*** Begin section ***
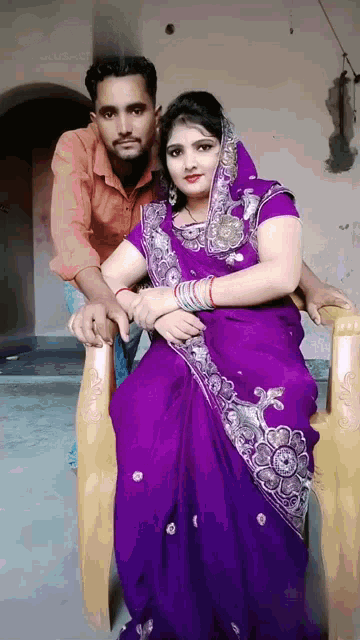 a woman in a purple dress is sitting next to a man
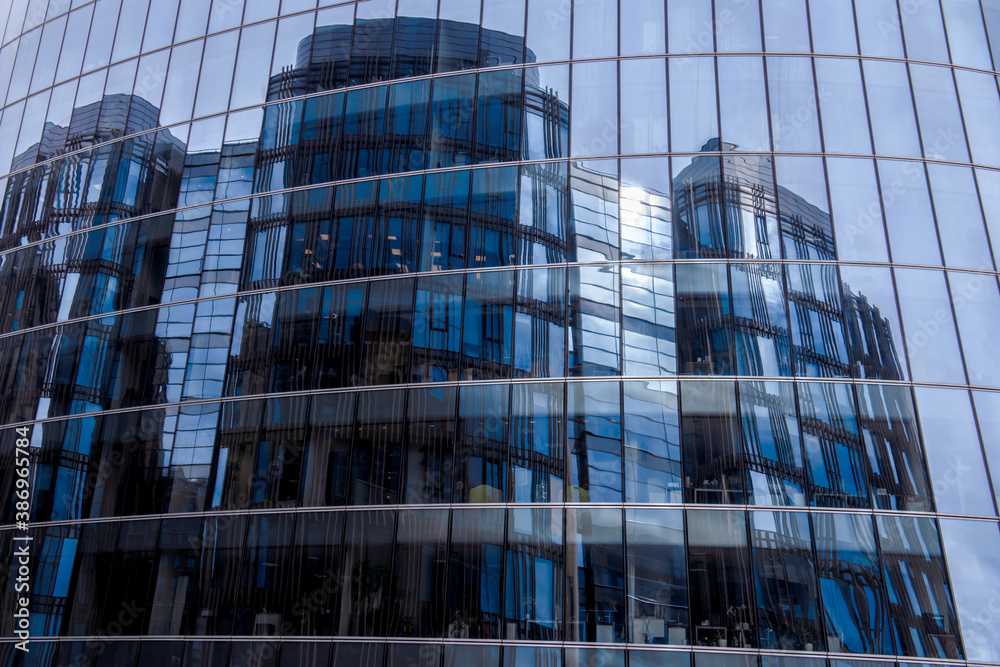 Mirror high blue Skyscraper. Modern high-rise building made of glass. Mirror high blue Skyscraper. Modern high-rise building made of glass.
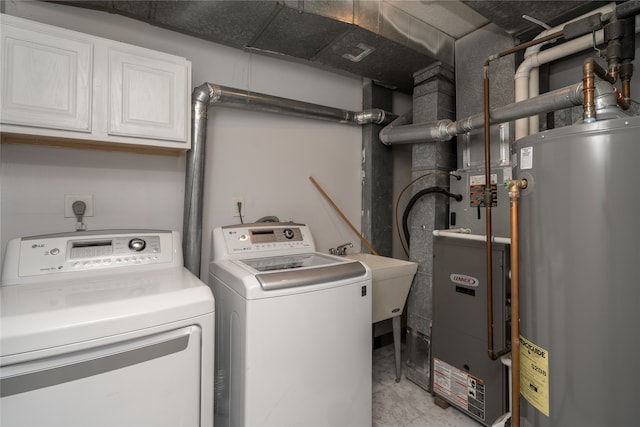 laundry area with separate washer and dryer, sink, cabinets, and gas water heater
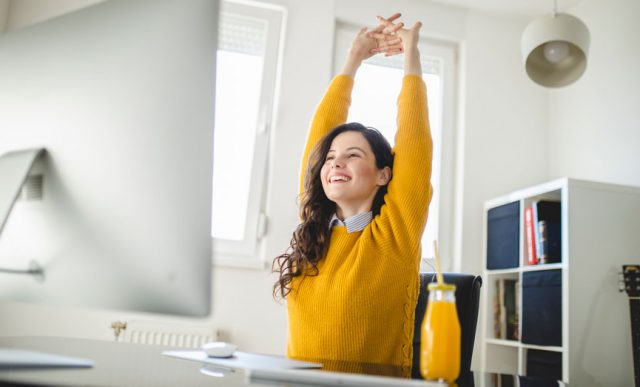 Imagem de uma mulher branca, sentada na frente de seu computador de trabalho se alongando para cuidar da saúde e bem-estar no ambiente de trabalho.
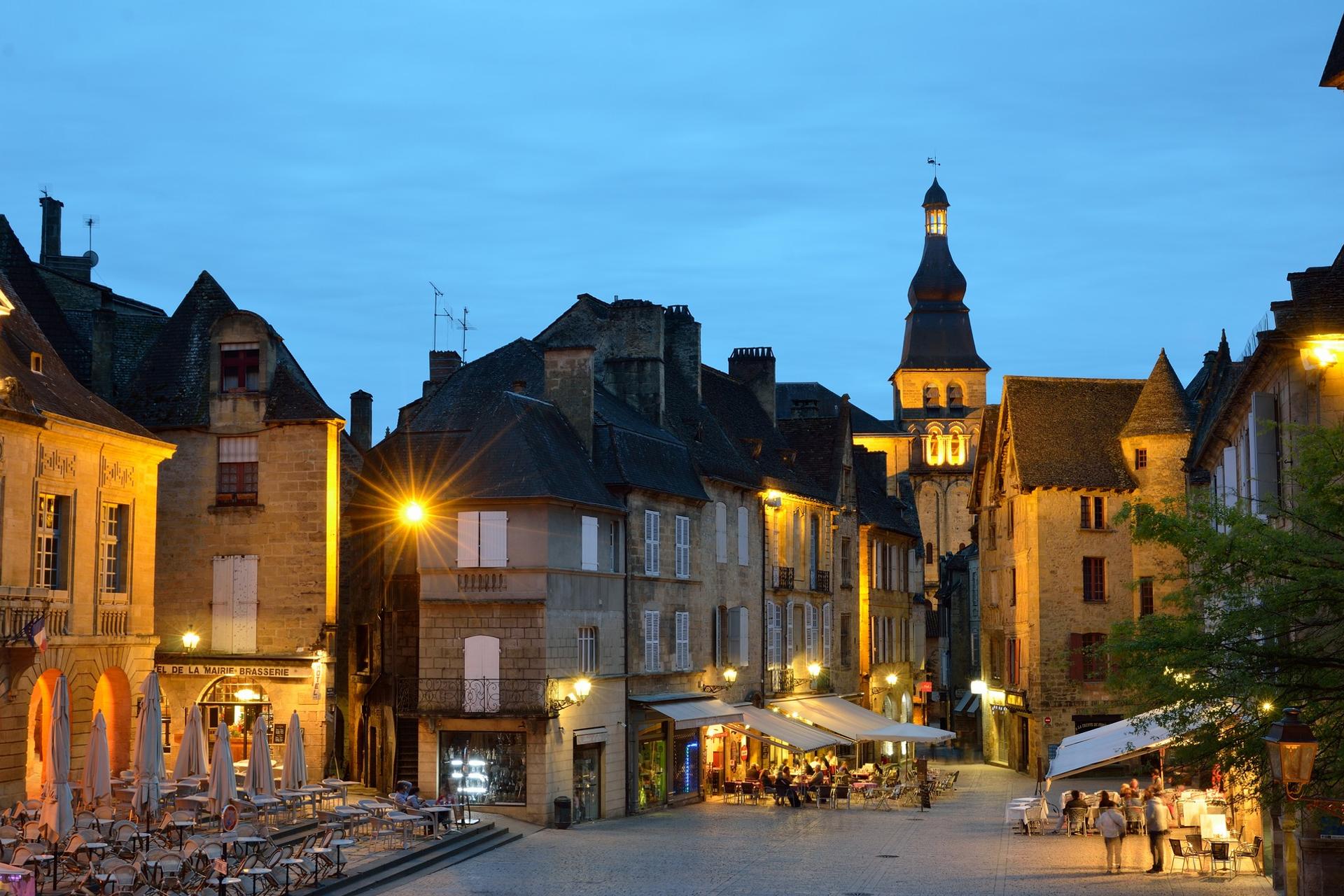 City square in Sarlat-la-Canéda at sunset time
*** End section ***
*** Begin section ***
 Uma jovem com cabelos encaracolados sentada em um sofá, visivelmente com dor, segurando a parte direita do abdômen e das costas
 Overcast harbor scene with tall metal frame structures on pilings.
*** End section ***
→ REQUIRED WORK:
Above are the records; repeat exactly the lines from the one holding "Uma jovem com" down to the one holding "Overcast harbor scene", end lines included.

→ ANSWER BOX:
 Uma jovem com cabelos encaracolados sentada em um sofá, visivelmente com dor, segurando a parte direita do abdômen e das costas
 Overcast harbor scene with tall metal frame structures on pilings.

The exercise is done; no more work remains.